- Battle off Halifax (1780): Part of the American Revolutionary War
| Date | 10 July 1780 |
| Location | Halifax, Nova Scotia |
| Result | American victory |

Belligerents
- United States: Great Britain

Commanders and leaders
- William Williams: Thomas Ross

Strength
- 1 Privateer (16 guns) British report: 130 men American report: 90 men: 1 Brig unknown

Casualties and losses
- British report: 33 killed and wounded American report: 1 killed, 2 wounded: 8 killed; 10 wounded 1 Brig captured

= Battle off Halifax (1780) =

1782 battle

The Battle off Halifax took place on 10 July 1780 during the American Revolutionary War. The British privateer Resolution fought the American privateer Viper and heavy casualties were suffered by both sides.
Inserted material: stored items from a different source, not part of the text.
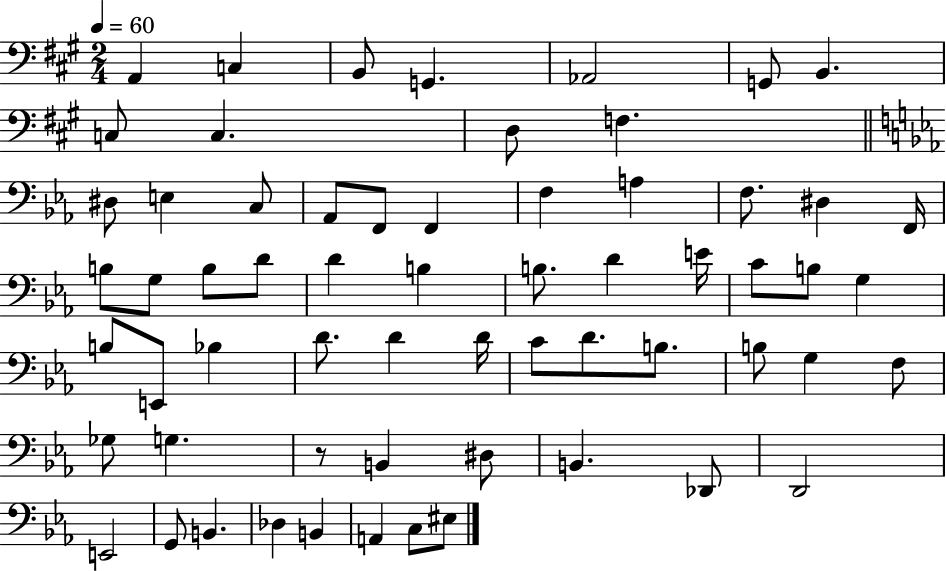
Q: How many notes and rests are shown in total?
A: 62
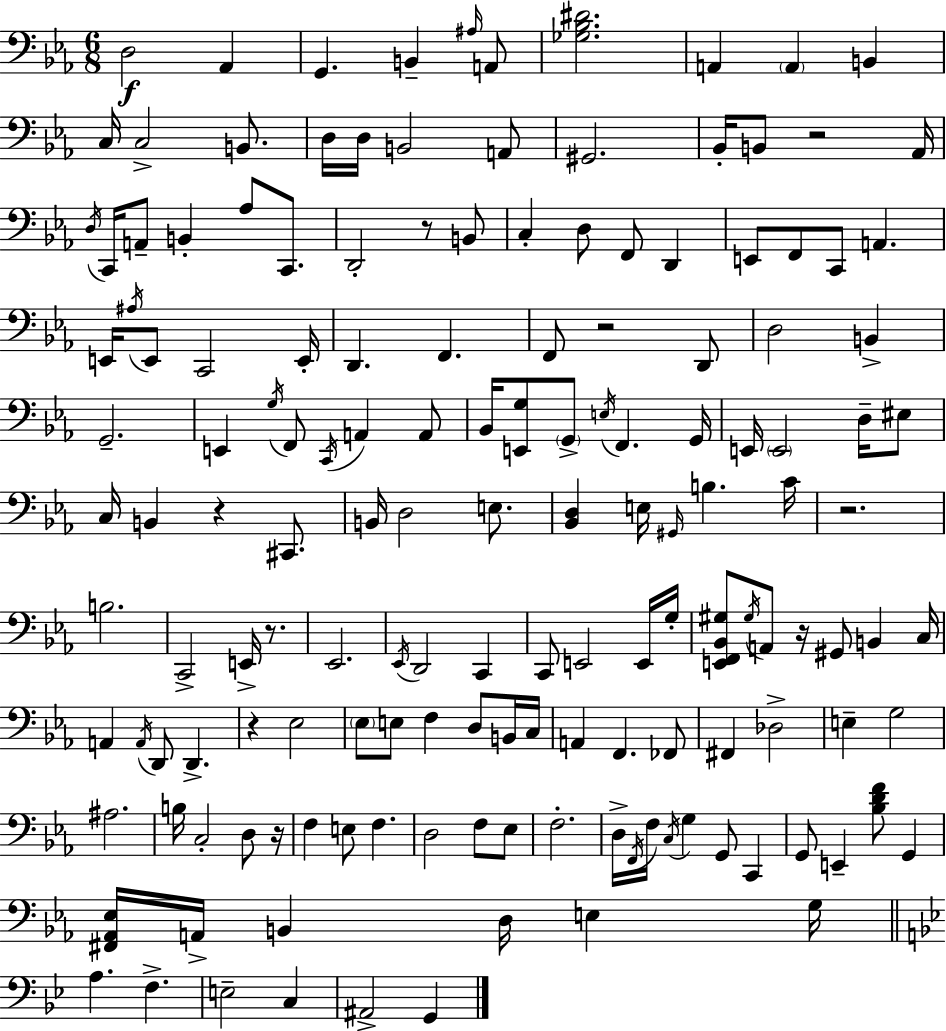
{
  \clef bass
  \numericTimeSignature
  \time 6/8
  \key ees \major
  d2\f aes,4 | g,4. b,4-- \grace { ais16 } a,8 | <ges bes dis'>2. | a,4 \parenthesize a,4 b,4 | \break c16 c2-> b,8. | d16 d16 b,2 a,8 | gis,2. | bes,16-. b,8 r2 | \break aes,16 \acciaccatura { d16 } c,16 a,8-- b,4-. aes8 c,8. | d,2-. r8 | b,8 c4-. d8 f,8 d,4 | e,8 f,8 c,8 a,4. | \break e,16 \acciaccatura { ais16 } e,8 c,2 | e,16-. d,4. f,4. | f,8 r2 | d,8 d2 b,4-> | \break g,2.-- | e,4 \acciaccatura { g16 } f,8 \acciaccatura { c,16 } a,4 | a,8 bes,16 <e, g>8 \parenthesize g,8-> \acciaccatura { e16 } f,4. | g,16 e,16 \parenthesize e,2 | \break d16-- eis8 c16 b,4 r4 | cis,8. b,16 d2 | e8. <bes, d>4 e16 \grace { gis,16 } | b4. c'16 r2. | \break b2. | c,2-> | e,16-> r8. ees,2. | \acciaccatura { ees,16 } d,2 | \break c,4 c,8 e,2 | e,16 g16-. <e, f, bes, gis>8 \acciaccatura { gis16 } a,8 | r16 gis,8 b,4 c16 a,4 | \acciaccatura { a,16 } d,8 d,4.-> r4 | \break ees2 \parenthesize ees8 | e8 f4 d8 b,16 c16 a,4 | f,4. fes,8 fis,4 | des2-> e4-- | \break g2 ais2. | b16 c2-. | d8 r16 f4 | e8 f4. d2 | \break f8 ees8 f2.-. | d16-> \acciaccatura { f,16 } | f16 \acciaccatura { c16 } g4 g,8 c,4 | g,8 e,4-- <bes d' f'>8 g,4 | \break <fis, aes, ees>16 a,16-> b,4 d16 e4 g16 | \bar "||" \break \key g \minor a4. f4.-> | e2-- c4 | ais,2-> g,4 | \bar "|."
}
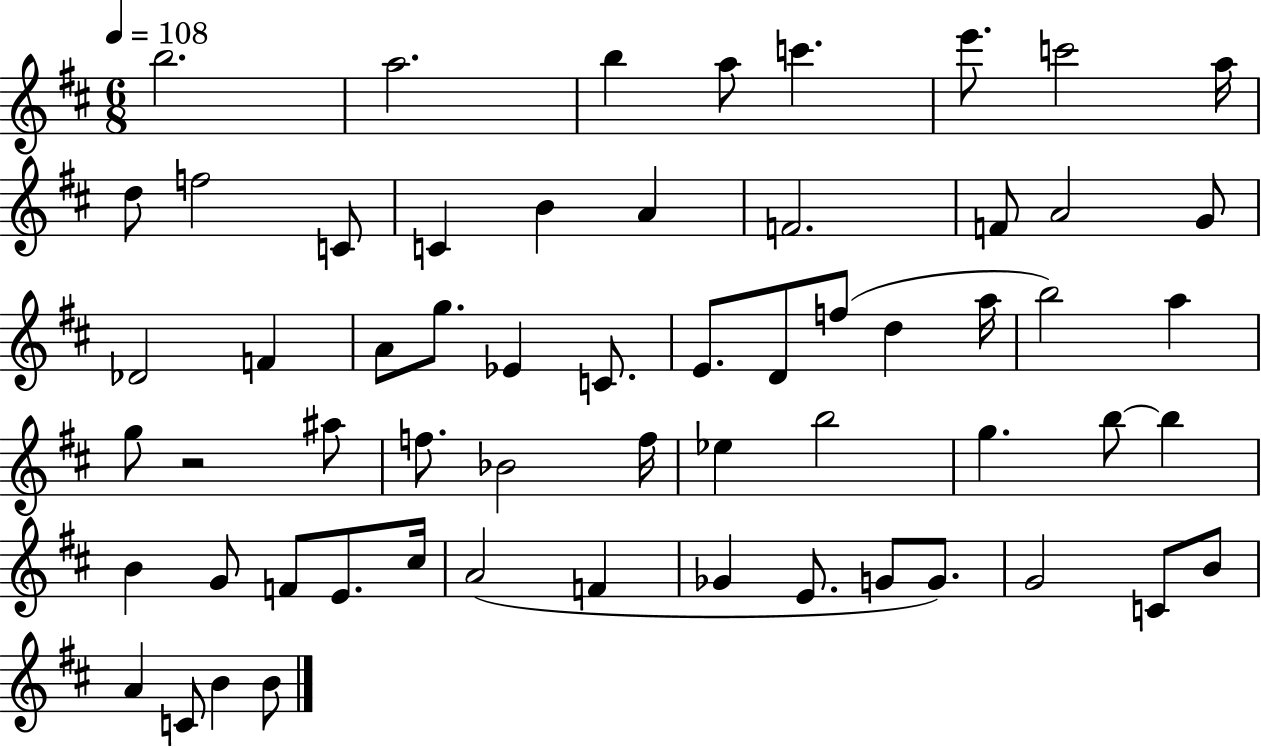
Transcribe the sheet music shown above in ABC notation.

X:1
T:Untitled
M:6/8
L:1/4
K:D
b2 a2 b a/2 c' e'/2 c'2 a/4 d/2 f2 C/2 C B A F2 F/2 A2 G/2 _D2 F A/2 g/2 _E C/2 E/2 D/2 f/2 d a/4 b2 a g/2 z2 ^a/2 f/2 _B2 f/4 _e b2 g b/2 b B G/2 F/2 E/2 ^c/4 A2 F _G E/2 G/2 G/2 G2 C/2 B/2 A C/2 B B/2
The battle was "one of the bloodiest battles in the history of privateering.... a loss of 51 lives in a single battle was virtually unheard of."

==Background==
During the American Revolution, Americans regularly attacked Nova Scotia by land and sea. American privateers devastated the maritime economy by raiding many of the coastal communities, such as the numerous raids on Liverpool and on Annapolis Royal. A few months before the Battle of Halifax, in December 1779 the schooner Hope wrecked near the Sambro Island Light on the Three Sisters Rocks. Captain Henry Baldwin and six other crew were killed. Weeks later, 170 British sailors were lost when two vessels - North and St Helena - were wrecked in a storm when entering Halifax harbour.

==Battle==
Just off Sambro Island Light, the American privateer Viper (22 guns, 130 men), under the command of William Williams took the British brig Resolution (16 guns) under the command of Captain Thomas Ross of Halifax. In the "hot engagement" for 90 minutes, the British had killed 8 and 10 wounded, while the American killed and wounded totalled 33 men. Both vessels were much disabled and the British surrendered.

==Aftermath==
American privateers remained a threat to Nova Scotian ports for the rest of the war. For example, after a failed attempt to raid Chester, Nova Scotia, American privateers struck again in the Raid on Lunenburg in 1782.